_About this exercise_. Going through the data below, copy out each line where the word "Leather" shows up.

Items listed in a dataset

□ □ □ □ □ □ □

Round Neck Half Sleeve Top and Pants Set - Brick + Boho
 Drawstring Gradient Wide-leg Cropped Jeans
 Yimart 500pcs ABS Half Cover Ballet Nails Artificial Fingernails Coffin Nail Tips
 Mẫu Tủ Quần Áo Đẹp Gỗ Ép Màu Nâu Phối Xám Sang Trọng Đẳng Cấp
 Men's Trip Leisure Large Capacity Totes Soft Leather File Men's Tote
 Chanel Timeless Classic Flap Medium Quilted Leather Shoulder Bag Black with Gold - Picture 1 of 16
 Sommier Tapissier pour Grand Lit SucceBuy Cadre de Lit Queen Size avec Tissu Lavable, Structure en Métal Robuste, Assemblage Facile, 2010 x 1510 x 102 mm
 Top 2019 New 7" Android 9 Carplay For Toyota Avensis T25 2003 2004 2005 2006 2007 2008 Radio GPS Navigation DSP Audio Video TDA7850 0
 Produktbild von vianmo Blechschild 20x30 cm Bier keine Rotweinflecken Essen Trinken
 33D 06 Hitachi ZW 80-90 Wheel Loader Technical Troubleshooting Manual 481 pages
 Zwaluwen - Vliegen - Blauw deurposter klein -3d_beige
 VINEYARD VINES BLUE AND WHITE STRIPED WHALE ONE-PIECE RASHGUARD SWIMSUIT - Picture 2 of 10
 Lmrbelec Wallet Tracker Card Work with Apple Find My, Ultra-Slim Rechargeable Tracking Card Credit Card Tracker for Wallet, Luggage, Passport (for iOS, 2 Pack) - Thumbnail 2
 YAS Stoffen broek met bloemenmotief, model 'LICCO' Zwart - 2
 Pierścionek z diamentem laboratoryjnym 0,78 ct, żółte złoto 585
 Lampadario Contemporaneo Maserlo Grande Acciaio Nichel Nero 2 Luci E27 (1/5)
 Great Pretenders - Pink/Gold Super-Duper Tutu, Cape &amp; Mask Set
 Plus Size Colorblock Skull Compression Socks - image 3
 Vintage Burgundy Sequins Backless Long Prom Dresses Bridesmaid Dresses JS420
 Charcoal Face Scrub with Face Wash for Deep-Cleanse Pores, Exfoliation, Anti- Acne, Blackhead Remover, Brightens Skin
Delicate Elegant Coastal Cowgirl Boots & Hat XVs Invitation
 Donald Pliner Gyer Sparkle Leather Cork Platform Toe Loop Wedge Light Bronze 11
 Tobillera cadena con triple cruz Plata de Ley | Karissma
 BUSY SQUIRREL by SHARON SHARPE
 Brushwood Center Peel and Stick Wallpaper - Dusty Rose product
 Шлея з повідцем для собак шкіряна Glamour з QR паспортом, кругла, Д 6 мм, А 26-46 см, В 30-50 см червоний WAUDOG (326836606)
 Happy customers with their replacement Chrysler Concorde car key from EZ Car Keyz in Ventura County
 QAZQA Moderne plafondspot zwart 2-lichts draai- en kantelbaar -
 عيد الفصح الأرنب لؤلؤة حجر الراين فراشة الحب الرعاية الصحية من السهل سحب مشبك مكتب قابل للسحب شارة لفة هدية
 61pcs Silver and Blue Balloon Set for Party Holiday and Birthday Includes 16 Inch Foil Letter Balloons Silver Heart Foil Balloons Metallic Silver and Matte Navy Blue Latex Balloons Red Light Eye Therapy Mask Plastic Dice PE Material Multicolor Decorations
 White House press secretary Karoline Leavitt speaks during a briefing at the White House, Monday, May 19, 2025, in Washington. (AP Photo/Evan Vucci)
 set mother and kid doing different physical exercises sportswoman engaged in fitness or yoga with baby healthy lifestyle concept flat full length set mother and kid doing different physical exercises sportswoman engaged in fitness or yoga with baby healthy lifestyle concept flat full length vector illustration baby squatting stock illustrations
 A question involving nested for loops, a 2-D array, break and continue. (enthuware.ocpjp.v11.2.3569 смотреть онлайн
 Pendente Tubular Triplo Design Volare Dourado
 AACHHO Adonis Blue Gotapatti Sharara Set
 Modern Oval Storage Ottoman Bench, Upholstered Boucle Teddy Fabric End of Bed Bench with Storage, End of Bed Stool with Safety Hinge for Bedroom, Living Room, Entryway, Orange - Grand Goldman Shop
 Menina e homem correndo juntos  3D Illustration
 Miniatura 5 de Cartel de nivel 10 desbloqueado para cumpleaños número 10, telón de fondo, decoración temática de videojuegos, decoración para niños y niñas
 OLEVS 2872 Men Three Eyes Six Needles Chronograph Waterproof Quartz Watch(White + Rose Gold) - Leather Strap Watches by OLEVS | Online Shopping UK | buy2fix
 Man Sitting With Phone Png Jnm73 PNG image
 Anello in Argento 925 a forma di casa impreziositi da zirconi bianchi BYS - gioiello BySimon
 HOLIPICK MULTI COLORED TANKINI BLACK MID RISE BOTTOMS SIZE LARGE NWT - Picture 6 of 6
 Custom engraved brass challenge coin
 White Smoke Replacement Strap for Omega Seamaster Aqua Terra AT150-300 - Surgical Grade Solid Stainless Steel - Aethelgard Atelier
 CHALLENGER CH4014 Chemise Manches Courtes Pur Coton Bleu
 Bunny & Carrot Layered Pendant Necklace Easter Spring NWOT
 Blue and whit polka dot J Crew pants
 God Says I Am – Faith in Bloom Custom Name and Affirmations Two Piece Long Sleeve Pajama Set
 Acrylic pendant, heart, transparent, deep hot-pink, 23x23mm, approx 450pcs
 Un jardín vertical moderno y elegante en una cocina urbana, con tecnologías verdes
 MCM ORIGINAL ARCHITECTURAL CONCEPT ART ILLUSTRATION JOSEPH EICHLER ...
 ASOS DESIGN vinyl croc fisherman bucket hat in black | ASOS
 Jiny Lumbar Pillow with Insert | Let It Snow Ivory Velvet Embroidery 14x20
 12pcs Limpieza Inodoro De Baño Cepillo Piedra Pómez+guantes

□ □ □ □ □ □ □

_Response to the exercise_.
 Men's Trip Leisure Large Capacity Totes Soft Leather File Men's Tote
 Chanel Timeless Classic Flap Medium Quilted Leather Shoulder Bag Black with Gold - Picture 1 of 16
 Donald Pliner Gyer Sparkle Leather Cork Platform Toe Loop Wedge Light Bronze 11
 OLEVS 2872 Men Three Eyes Six Needles Chronograph Waterproof Quartz Watch(White + Rose Gold) - Leather Strap Watches by OLEVS | Online Shopping UK | buy2fix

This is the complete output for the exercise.